Grand Seiko reference SBGF, exclusive for the 8J movement, was produced from 1996 to 2011 with thirteen models representing the line. It is considered within Seiko to be one of the best quartz movements, much better than the well known 9F and much more stable and accurate. It was expensive to produce and parts of the design made it hard to fit into thinner cases. The more cost effective 9F movement on the other hand is less stable, not so resistant to temperature and magnetic fields and costs about 30 percent less to produce than the 8J. But, importantly, it is thinner, and uses more common parts, therefore the frame can be used for a number of other movements and watches.
The 8J is, without a doubt, the most robust high accuracy quartz movement ever made. Even the fact that it had to be thicker works in its advantage resulting in even better thermo compensation performance.

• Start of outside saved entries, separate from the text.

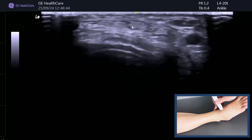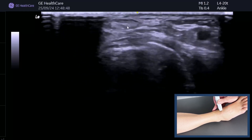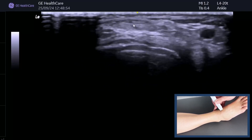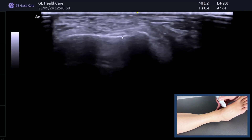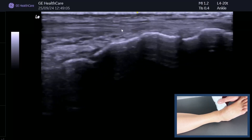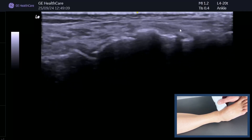The tendon goes quite medially. If you lose the tendon you can actually use anisotropy to your advantage to make it darker — you can see it there. Then we continue to follow down until it goes onto its attachment point onto the medial cuneiform. You can also spin on that and get a really nice long image as it goes onto the medial cuneiform.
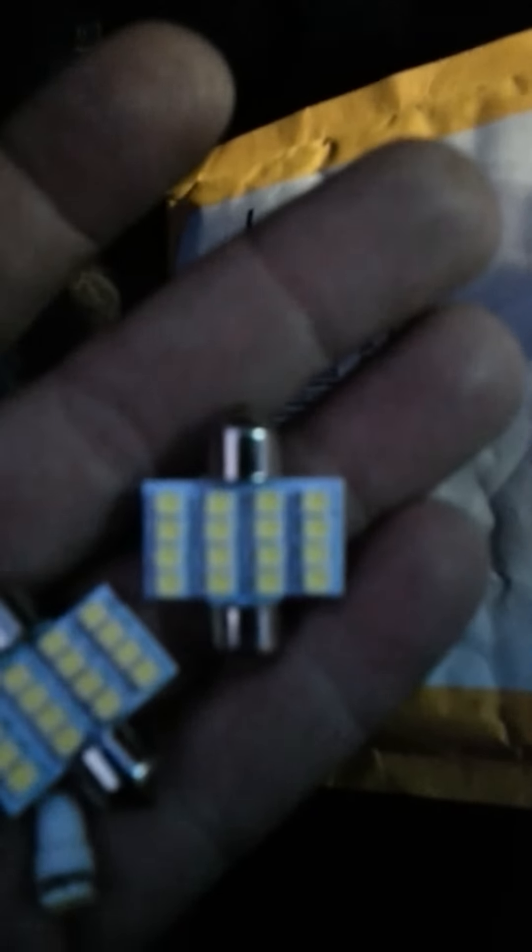That there is the LED that goes up here, and that works really awesome. And this here is the T5 I spoke of.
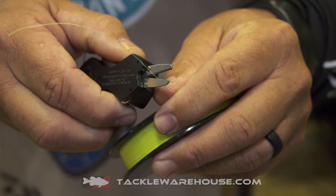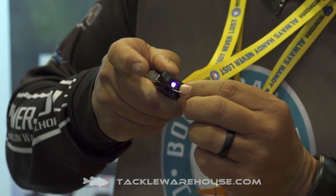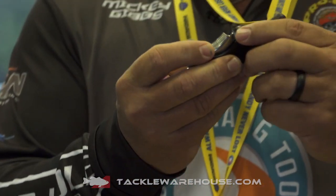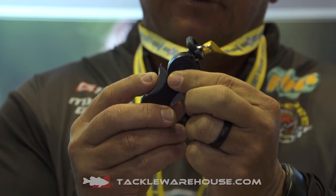The Super Snip is our original long-bladed snip. It comes with a UV light for charging up glow-in-the-dark jigs and also melting UV glue. It also has a patented eye hook cleaner on the end of this handle right here.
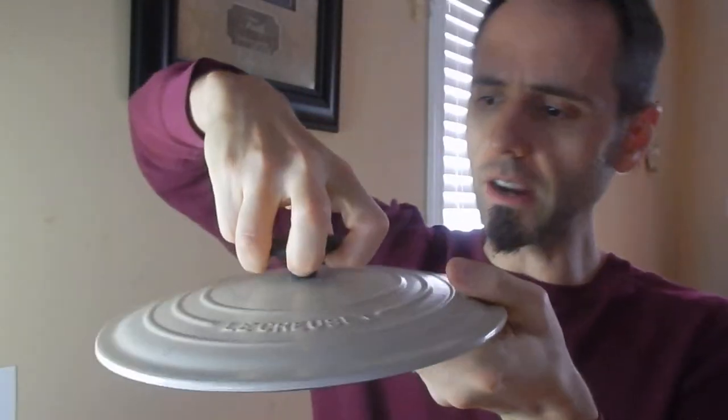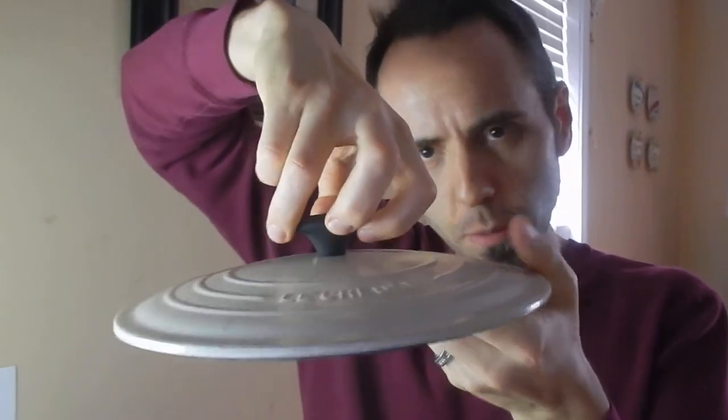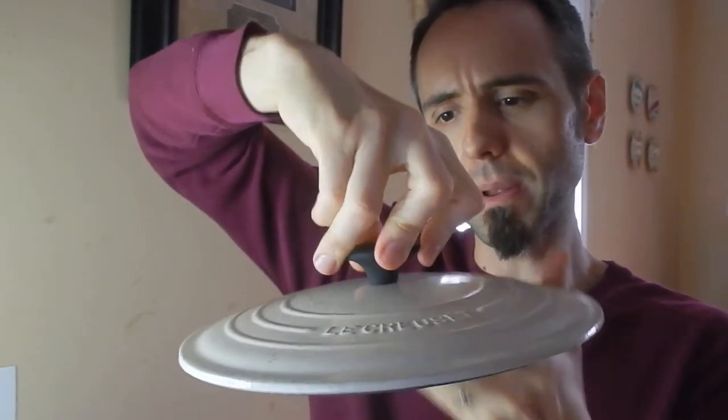But the Le Creuset pot, like I was saying, it holds the heat in really well. The handle here — I kind of wish it was a little bit taller just in case the lid got really hot. You have to be really careful taking it off the pot so that you don't burn yourself. That's one thing I'll say about that.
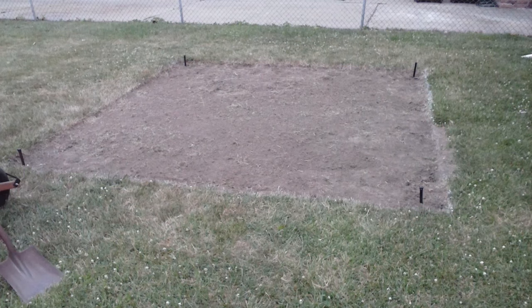We actually dug out a little bit further than that. Next, remove the grass and dirt. We went two inches down and we wanted the patio to be slightly higher than the grass level around it. This is your hardest and most labor intensive job, but you won't have to go six to eight inches down like you would if you were using gravel.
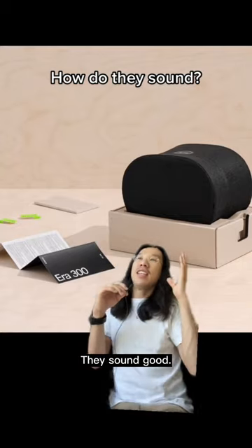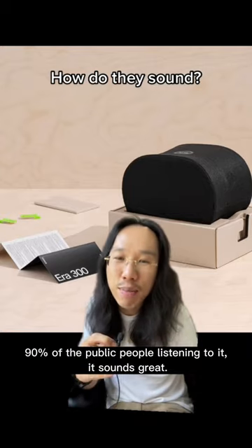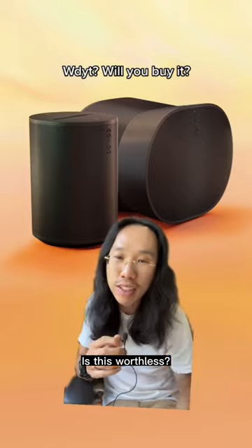Finally, how does it sound? They sound good. It does sound a little trapped inside, but for about 90% of the public, people listen to it and it sounds great. Are you interested? Do you care? Is this convenient? Does this do everything? Is this worthless? Let me know.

The information coming from internal specs from Seiko in Japanese, on the 8J and 9F movements, is universal, saying the 8J was the last “cost be damned” very robust movement they did. The internal feeling is the 9F is less robust, less accurate, less shielded, and, yes, some of them scoff at the lack of an independent hour hand with which one easily adjusts to other time zones on the 8J.
The very high accuracy +- 5 second twin quartz movements that went before were extremely expensive to produce and were not robust in field use. Their biggest problem was they tended to get fried if worn in hot baths or shower rooms - a real issue here in Japan where the harried salary man has his watch with him in the after work Sauna to benchmark the last train. The 8J was the answer to those concerns.
The Grand Seiko SBGF005 harks back to design characteristics of the seventies, for one the shape of the case. It is very reminiscent of Seiko’s crazy days, especially in the way in which the crown side is designed. It is just like some King Seiko Vanacs and of course the Red Alpinist, but more distinguished. Also, the three dimensional effect of those watches is present here, caused by applying the indexes, the SEIKO and the GS logo to an absolutely stunning effect. The hands are pencil style, what I like about that is the match of these design elements, the hands are at their centre about as thick as the hour indices, and where the minute hand meets up with the indices it overlaps just those and not the lume dots. Just great! And the seconds hand also "just overlaps", exactly the flat top part of the minute indices, leaving the sides open to glitter.
Sadly, the most disturbing and distracting aspect of “modern” Grand Seikos is a mismatch of the aforementioned design choices. The SBGX061, -059 etc. just do not speak to me as for instance the perfect harmony of a Grand Quartz 9940-8000 or the SBGF range.
Ok then, no critique? Well, one other defining feature of the SBGF005, the wide brushed bezel, may be more susceptible to scratches and scuffs than for instance the narrower, highly polished one on the SBGX061. But then again I notice the capped seconds hand, that ads to the luster that many of its 9F family members simply do not have.